Sunday, March 14, 2010

Little Alters

From Malachi:

* If God is my Father, am I showing Him the Honor of that position?
* Have I honored Him with my actions AND my lips?
* If a sacrifice does not cost me anything, it is not a sacrifice!
* The value of the things we do may never been seen here, but they WILL be seen
someday.
* God promises to return to us, if we return to Him when we go astray, but the
Holy Spirit NEVER leaves us, even when we sit in silence.

From Ezekiel 36&37:

* The valley of Dry Bones was empty and dead with no life when God breathed it
into them.
* It is not about healing a broken person, it is about recreation through the
breath of God.
* I can't make myself new, but I can make better choices in preparation of God
making me new and hold on to the faith that He will.

* The weapon being used is not important - it is the Spirit behind the weapon that
carries the power.
* It is not the "job" that I am doing that is important, but the Spirit in which I
carry out my duties that carries the power of God.
* Samson killed thousands with the jawbone of a donkey.
* Regardless of the ass's jawbone I am using due to the state's stupidly, how many
children can I help anyway because the Spirit of God is in me?

I am not here. I have a long way to go to make these a living part of my life, but seeing is the first step and accepting is the second, so I only have the 3rd step of reconciling to go.

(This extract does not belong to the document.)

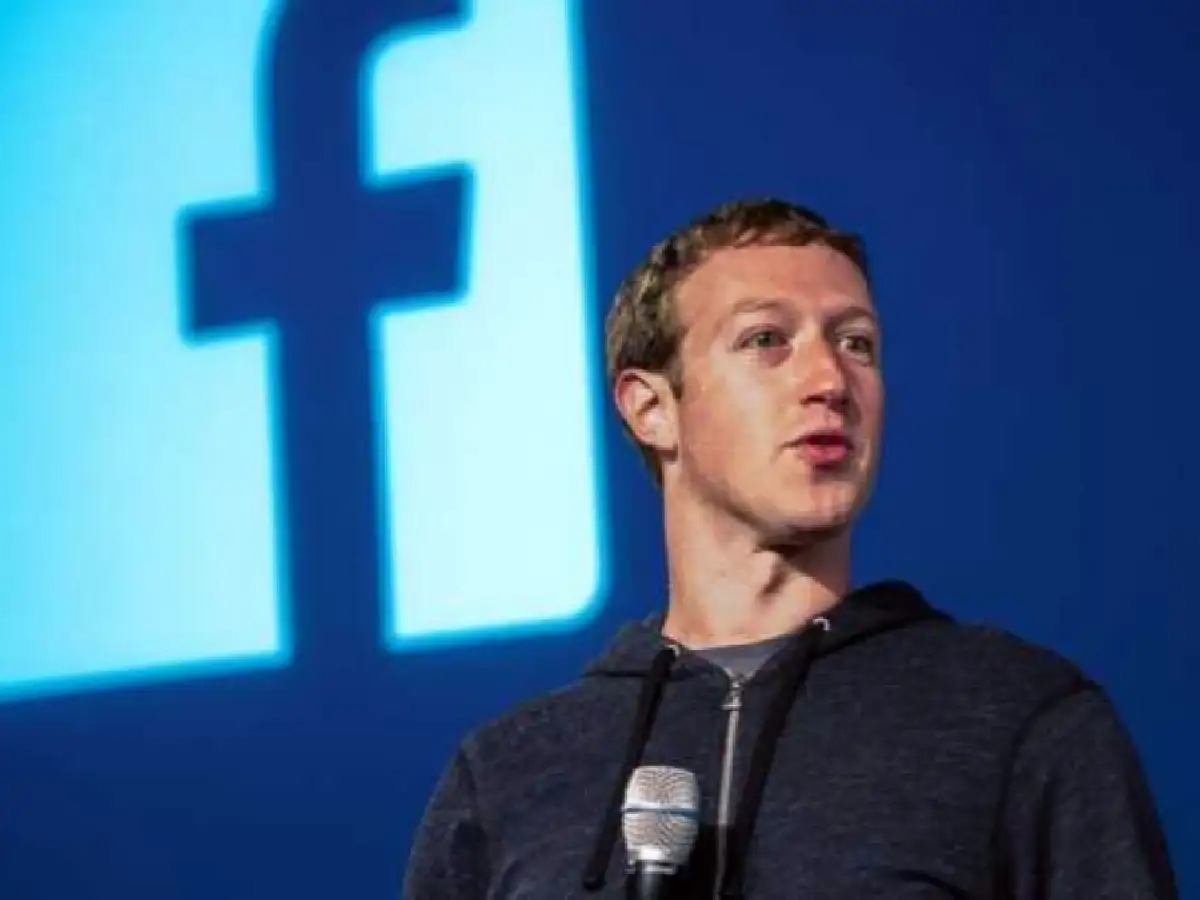 Facebook cumple 15 años: un adolescente con problemas de adulto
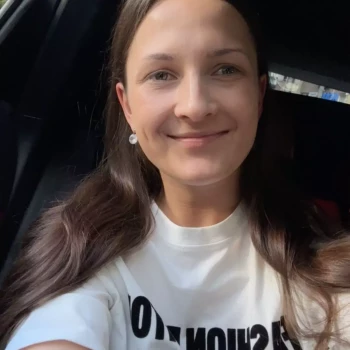 Opiekunka: Kim T.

I accept, I repent, and I will try to change while waiting for God to recreate me. I have been hurt for so long and betrayed by those I loved most, and those things are not just going to disappear, but I have been given a vision of what I have neglected and I need to change what I can. I cannot change the actions of others and I cannot change how much it hurts, but I can focus on other roads and let God enter and not just heal my broken heart and soul, but recreate me by breathing His life into my dry bones.

I am a long way from where I should be, but I am not where I once was, lost in a dark and sinister world of witchcraft and bitterness and hatred. It has been a long road, and full of hurt and betrayal, but in the worst place it was still better than having no hope. Drifting in a dark nightmare is still hard, but with God, at least there is an anchor to hold on to while being beaten a battered by life. It still isn't fun, but you at least have the hope that it means something somewhere somehow.

2 comments:

Benjamin Griffin said...

One day, you'll look back on these "Stones of Remembrance" and they will be the altars of testimony of where God brought you through. I can't see the light at the end of your tunnel, but I can hear singing in the distance that promises of better things than mere light.

Rebecca at the Well said...

All I know is that it has been one seriously long and dark tunnel.